→ **Assignment**
Stop after the line holding "Hi, welcome to". Repeat exactly every line before it in the records below, that line too, and leave out the pictures.

→ **Extracted information**
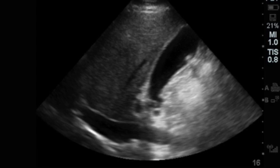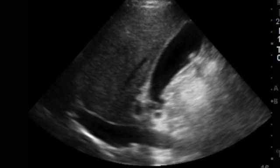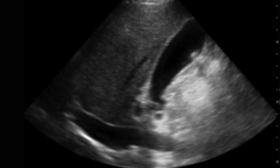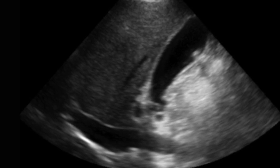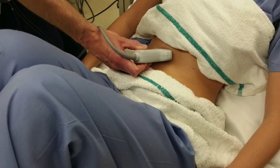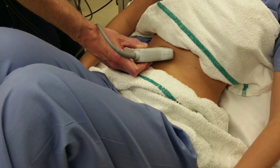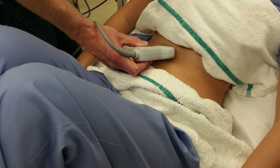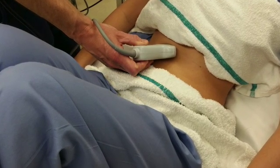Likewise, you can push down hard directly over the gallbladder to see if this is tender to the patient. A couple of tricks: if you're having a difficult time seeing the gallbladder, you can have the patient lie on their left side or have them sit up. Sometimes this brings the gallbladder into view.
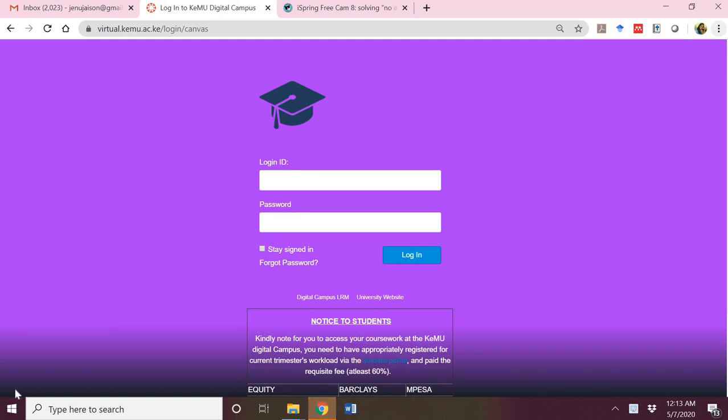Hi, welcome to the first training to navigate the digital campus at the Kenyan Methodist University. This brief tutorial will take you through how to log in and navigate the digital campus. Further tutorials will help you navigate a course and other functionalities you can perform. The digital campus is the name we've adopted for the Canvas learning management system that we implemented at the Kenyan Methodist University in 2016.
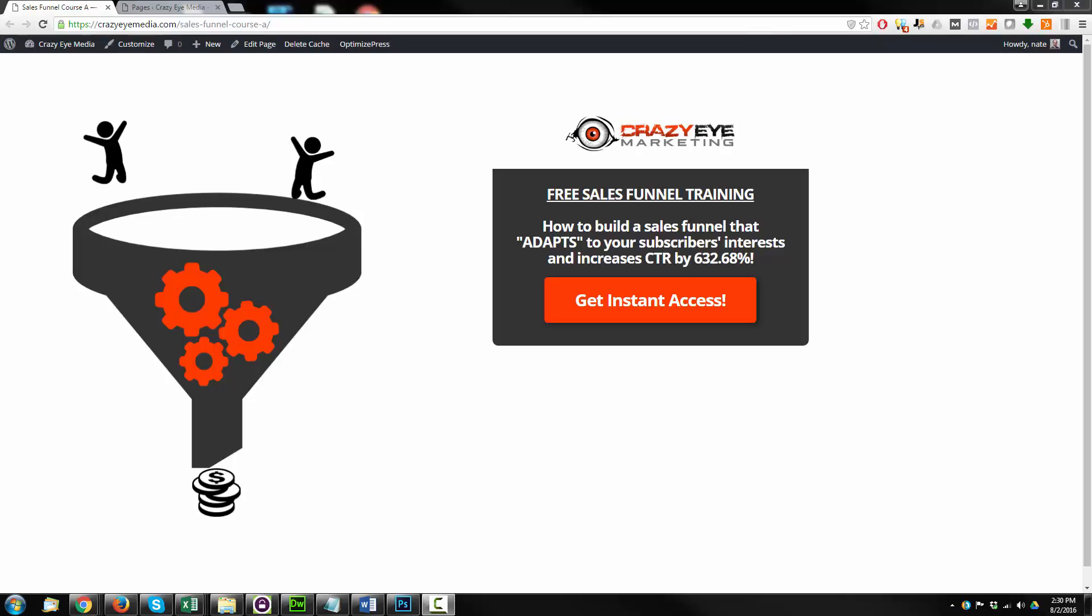Hey, it's Nathan with Crazy Eye Marketing, and we are currently building landing pages or squeeze pages with OptimizePress, and we're going to set up a simple split test using Google Analytics and Google Experiments.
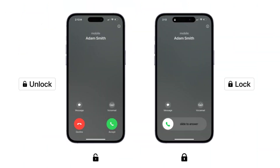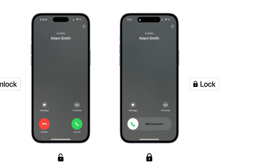So next time, notice the context. Locked equals slide. Unlocked equals tap. It's a subtle detail, but great UX makes these tiny differences matter.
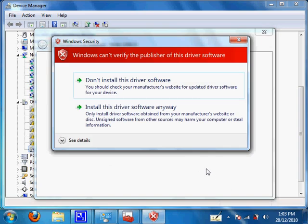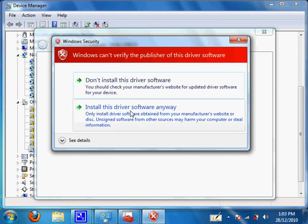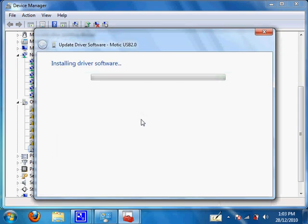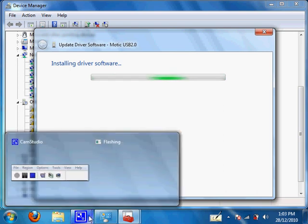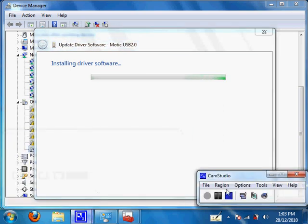Windows will warn you that this software is not digitally signed. I can assure you there's nothing wrong with the driver. Just click on Install this driver software anyways. For efficiency purposes, I will now pause the video.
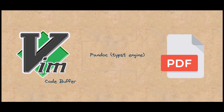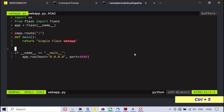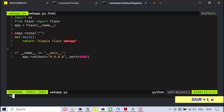This video shows how to generate a PDF from Python source code displayed inside a Vim buffer. Pandoc 3.1.3 or newer is required, together with a custom Python filter.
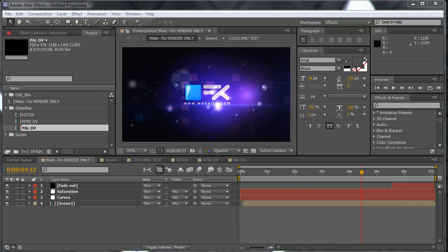Welcome back to BlueFX.net. This is the second part of the tutorial for rendering, and here you will see how you can set up multiple projects and render once. So you set up two, three, four projects and get them ready to render.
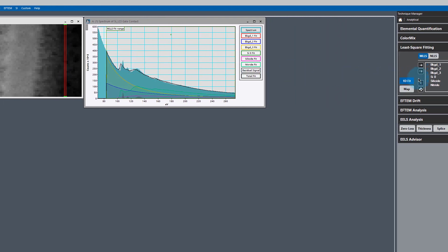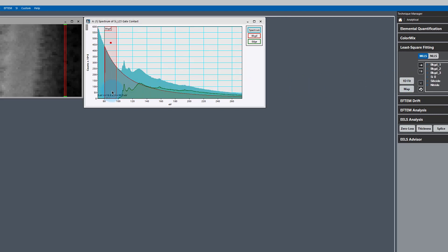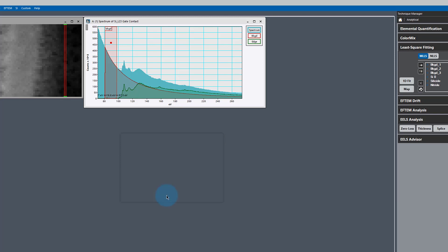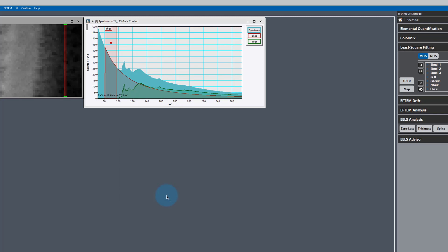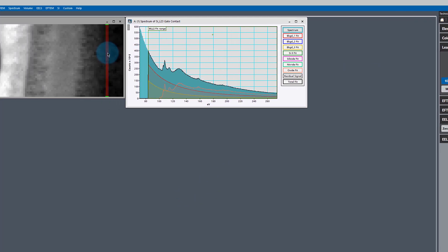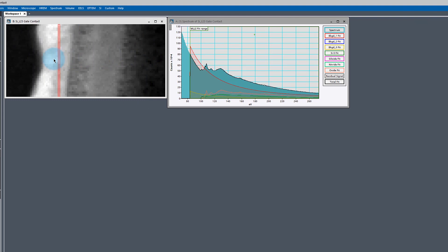I'm just going to turn off my fit again, check and make sure the background looks good, which it does. We can move around just a little bit and add this. This time I'm just going to add the edge. We'll call this oxide. Now we've got our references and we can do the fit.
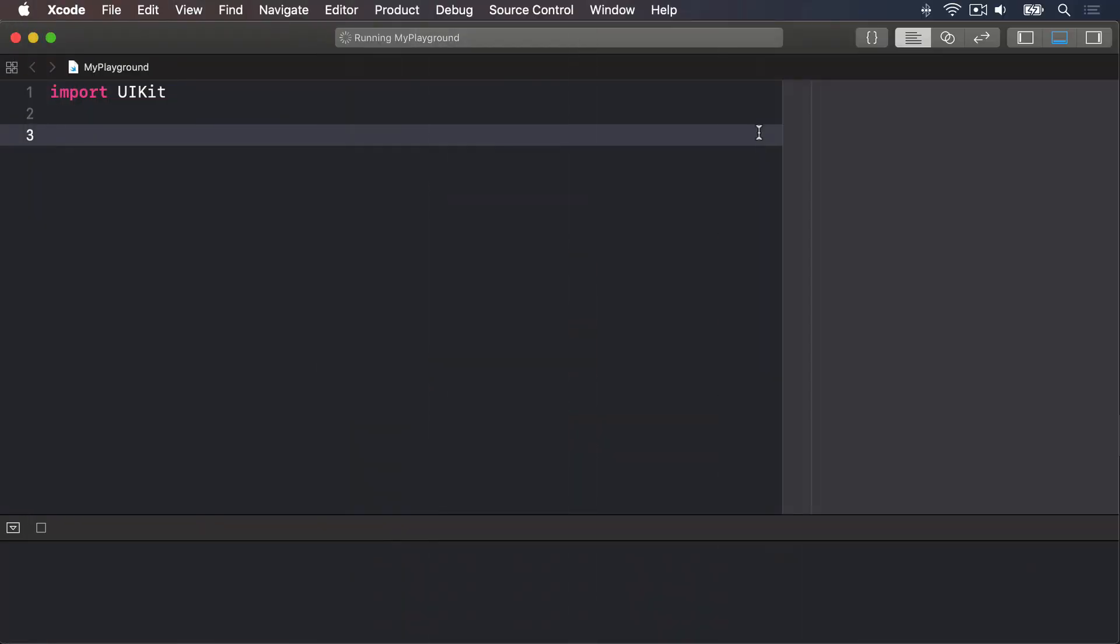Swift lets you override its optional safety by using the exclamation mark character. If you know that the optional definitely has a value, you can force unwrap it by placing this exclamation mark after it. Please be careful, though. If you try this out on a variable that does not have a value, your code will crash. To put together a working example, here's some foundation code.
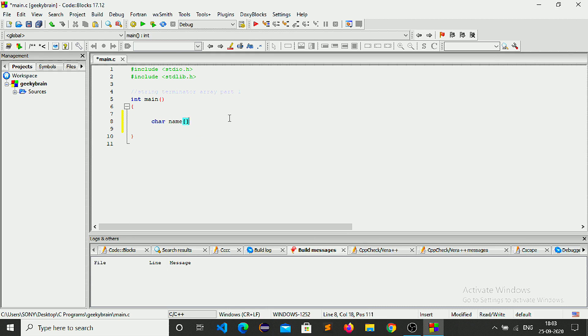Here we have to use the array square brackets. We need to tell how many bytes of data it will store. So now remember, geeky brain with a space contains 11 characters and a space for string terminator, so I am going to put 12 here.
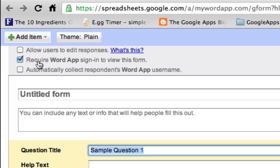Option number two: require sign in to view this form. This is checked by default. It's a good idea to keep this quiz private so we'll leave this option checked.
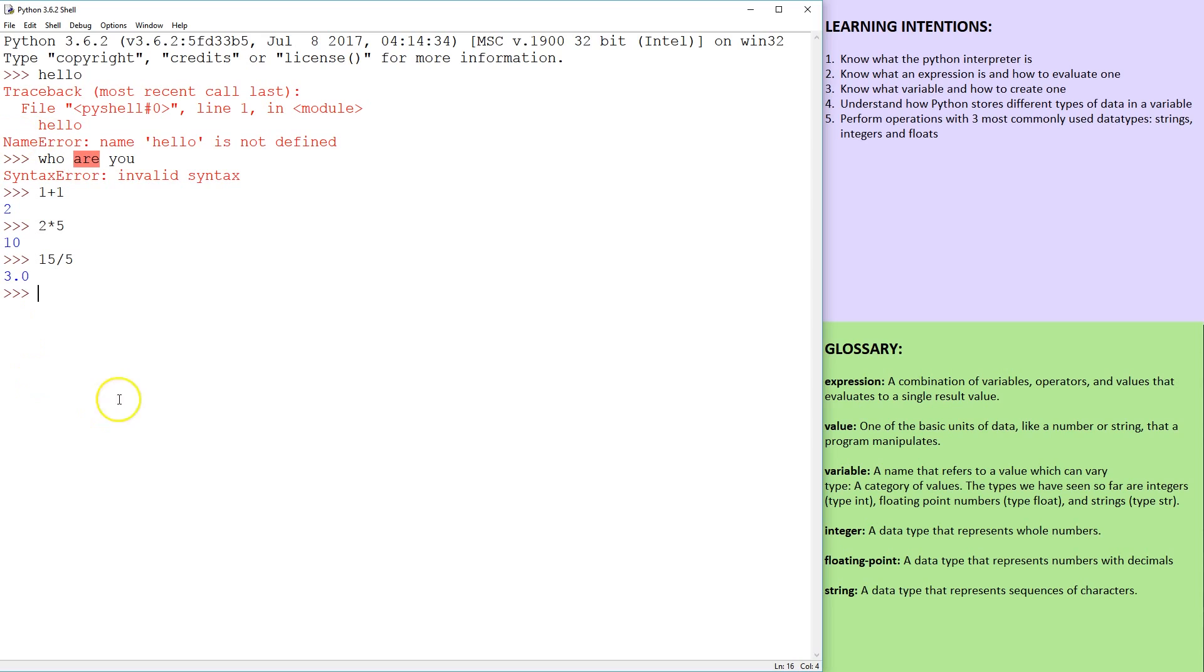So as you can see, these are all expressions. They evaluate to a single value.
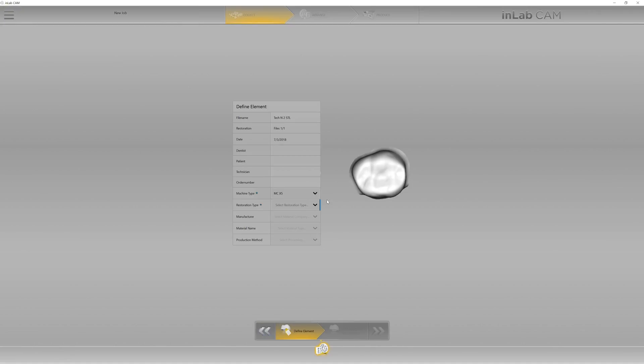Now we're not quite done yet. We have to fill in a little bit of information whether it's the dentist, patient name, technician, order number. You feel free to add what you want to add there. Machine type will already be designated from the type of job we chose earlier.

→ **Exercise result**
Likewise, you can push down hard directly over the gallbladder to see if this is tender to the patient. A couple of tricks: if you're having a difficult time seeing the gallbladder, you can have the patient lie on their left side or have them sit up. Sometimes this brings the gallbladder into view.
Hi, welcome to the first training to navigate the digital campus at the Kenyan Methodist University. This brief tutorial will take you through how to log in and navigate the digital campus. Further tutorials will help you navigate a course and other functionalities you can perform. The digital campus is the name we've adopted for the Canvas learning management system that we implemented at the Kenyan Methodist University in 2016.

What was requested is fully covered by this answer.